Un altro 18% della spesa pubblica è assorbito dall’istruzione e la sanità (154 miliardi) mentre per le misure destinate allo sviluppo (incentivi, credito di imposta e dintorni) le risorse disponibile non superano il 14%, la metà di quello che spendiamo fra assistenza e previdenza. La spesa per i servizi istituzionali e generali assorbe il 14,2 per cento del totale (122,5 miliardi) e quella per i servizi pubblici generali il 9,6 per cento (82,9 miliardi), in buona parte destinati alla missione “Difesa e sicurezza del territorio” (29 miliardi) e alla partecipazione italiana alle politiche di bilancio in ambito UE (23,7 miliardi). Il resto sono solo “spiccioli”: gli interventi relativi alla cultura, all’ambiente e alla qualità della vita, ad esempio, assorbono solo lo 0,8% del totale degli stanziamenti, 7,3 miliardi in tutto.
Questi numeri giustificano anche la stretta sulle pensioni anticipate prevista nella manovra, con la proroga dell’Ape sociale ma con l’aumento del requisito anagrafico di cinque mesi e di un anno per opzione donna, con una spesa complessiva di circa 300 milioni in tutto. Ma è soprattutto sulla riedizione di Quota 103, vale a dire 62 anni di età e 41 di contributi, che si sono fatti più stringenti i criteri per l’uscita dal lavoro, con il calcolo dell’assegno pensionistico sulla base del sistema contributivo, la soglia di 4 volte la pensioni minima per gli importi e, infine, il prolungamento delle finestre di uscita a 7 mesi per i lavoratori privati e a 9 per quelli pubblici. Un mix di “paletti” che consentirà al governo di limitare al massimo il numero dei pensionamenti anticipati (circa 17mila) riducendo lo stanziamento a poco più di 150 milioni per il 2024.
Sul fronte delle entrate, invece, la manovra prevede una fortissima cura dimagrante per i bilanci dei ministeri. Non solo dovranno ridurre le spese, nel prossimo triennio, di almeno 2,5 miliardi. Ma ci sarà anche una forte riprogrammazione delle risorse assegnate: circa 2 miliardi di euro per il 2024, 4,8 miliardi di euro nel 2025 e circa 7,8 miliardi di euro per il 2026. A tutto questo occorre poi aggiungere una riduzione di 2 miliardi l’anno prossimo (e di 0,5 miliardi annui fra il 2025 e il 2027) del fondo per l’avvio delle “opere indifferibili” e le micromisure per il contrasto contro l’evasione fiscale, a partire dall’innalzamento dall’8 all’11% della ritenuta effettuata da banche e Poste sull’accredito dei pagamenti relativi ai bonifici sui crediti di imposta.
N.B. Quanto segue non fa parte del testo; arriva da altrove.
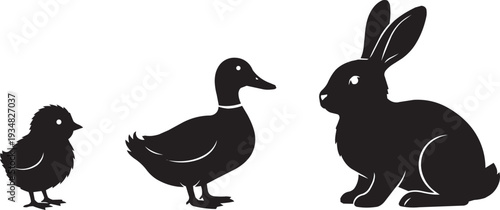 Black silhouettes of baby animals: chick, duckling, and rabbit, representing new life and innocence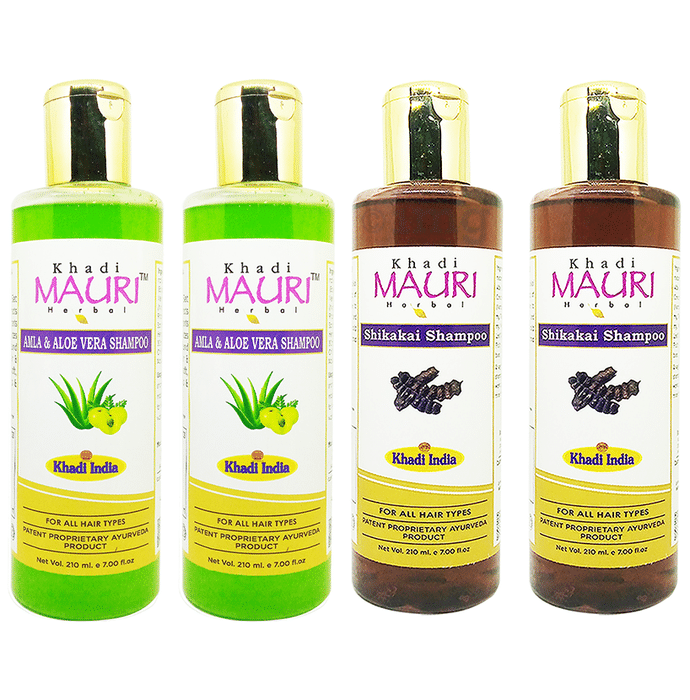 Khadi Mauri Herbal Combo Pack of Amla AloeVera & Shikakai Shampoo(210ml Each)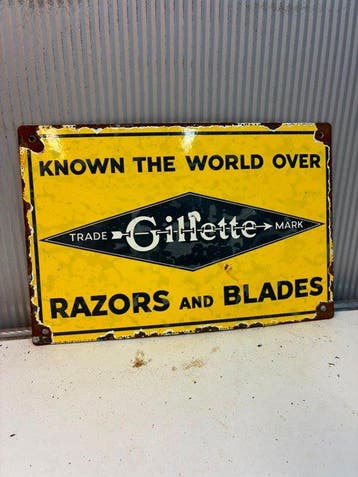 Gillette Razors and Blades – Emaille Reclamebord - Emaille
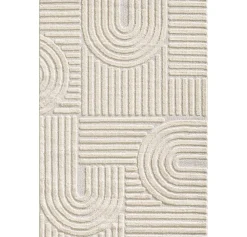 Best Studio Deco Tapis à relief Lena Crème 80x250cm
In tutto una raffica di interventi che dovrebbero portare nelle casse dello Stato altri 3,5 miliardi di euro.
Fra le ultime novità della manovra, anche la spinta alla possibilità di prelevare contanti negli esercizi commerciali dotati di Pos (come tabaccai, edicole, farmacie, supermercati), soprattutto nelle aree interne e nei piccoli comuni, anche per bilanciare la chiusura degli sportelli bancari tradizionali. I controlli anti-riciclaggio scatteranno oltre i 250 euro in caso di operazioni tramite soggetti convenzionati e agenti. Ricco anche il tradizionale capitolo delle micromisure, dal finanziamento dei giochi per Taranto fino alle cure palliative. La manovra stanzia, poi, per il Giubileo nuovi fondi per 608 milioni di euro in tre anni. Nel dettaglio viene istituito un fondo ad hoc al ministero dell’Economia con 388 milioni nel triennio (75 nel 2024, 305 nel 2025 e 8 nel 2026), risorse che serviranno “per la pianificazione e la realizzazione delle opere e degli interventi funzionali all’evento” ma anche, come spiega la relazione tecnica, “per l’assunzione di personale con forme di lavoro flessibile”.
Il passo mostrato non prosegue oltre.